Fast and Exact Least Absolute Deviations Line Fitting via Piecewise Affine Lower-Bounding

TL;DR

The paper introduces PALB, an exact, efficient algorithm for LAD line fitting that outperforms existing LP and IRLS methods, with proven correctness and practical implementation.

Contribution

PALB is a novel piecewise affine lower-bounding method that provides the first exact, fast algorithm for LAD line fitting with publicly available implementation.

Findings

PALB exhibits empirical log-linear scaling on synthetic and real datasets.

PALB is consistently faster than existing LP and IRLS solvers.
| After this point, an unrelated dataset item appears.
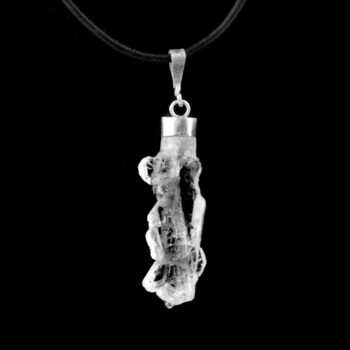 Skelettquarz | Bergkristall Anhänger Natur mit 925 Sterling-Silber Öse Edelsteine Heilsteine bei Wunderstein24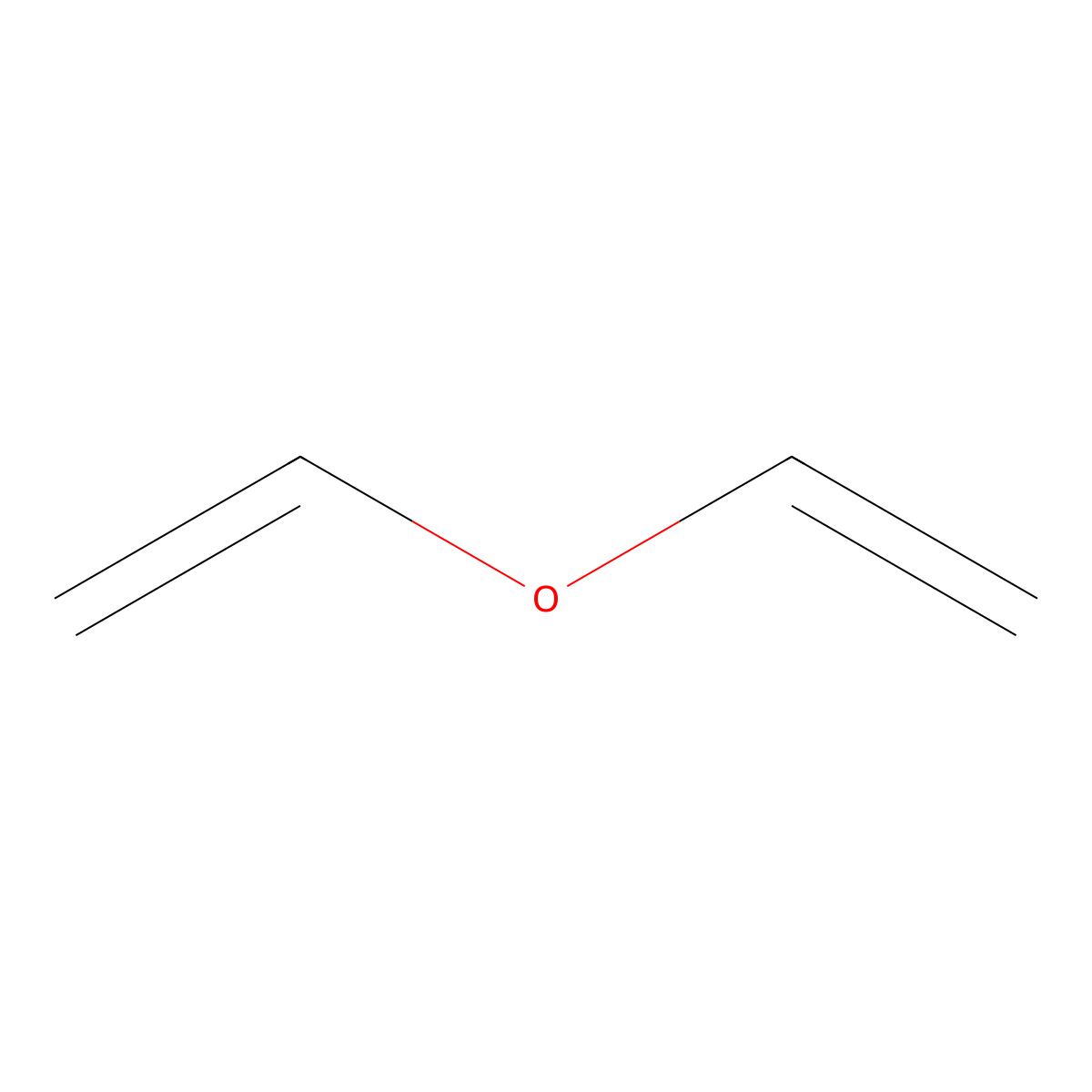 Vinyl ether molecular structure, CAS 109-93-3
The method guarantees exact solutions for LAD line fitting.

Abstract

Least-absolute-deviations (LAD) line fitting is robust to outliers but computationally more involved than least squares regression. Although the literature includes linear and near-linear time algorithms for the LAD line fitting problem, these methods are difficult to implement and, to our knowledge, lack maintained public implementations. As a result, practitioners often resort to linear programming (LP) based methods such as the simplex-based Barrodale-Roberts method and interior-point methods, or on iteratively reweighted least squares (IRLS) approximation which does not guarantee exact solutions. To close this gap, we propose the Piecewise Affine Lower-Bounding (PALB) method, an exact algorithm for LAD line fitting. PALB uses supporting lines derived from subgradients to build piecewise-affine lower bounds, and employs a subdivision scheme involving minima of these lower bounds. We prove correctness and provide bounds on the number of iterations. On synthetic datasets with varied signal types and noise including heavy-tailed outliers as well as a real dataset from the NOAA's Integrated Surface Database, PALB exhibits empirical log-linear scaling. It is consistently faster than publicly available implementations of LP based and IRLS based solvers. We provide a reference implementation written in Rust with a Python API.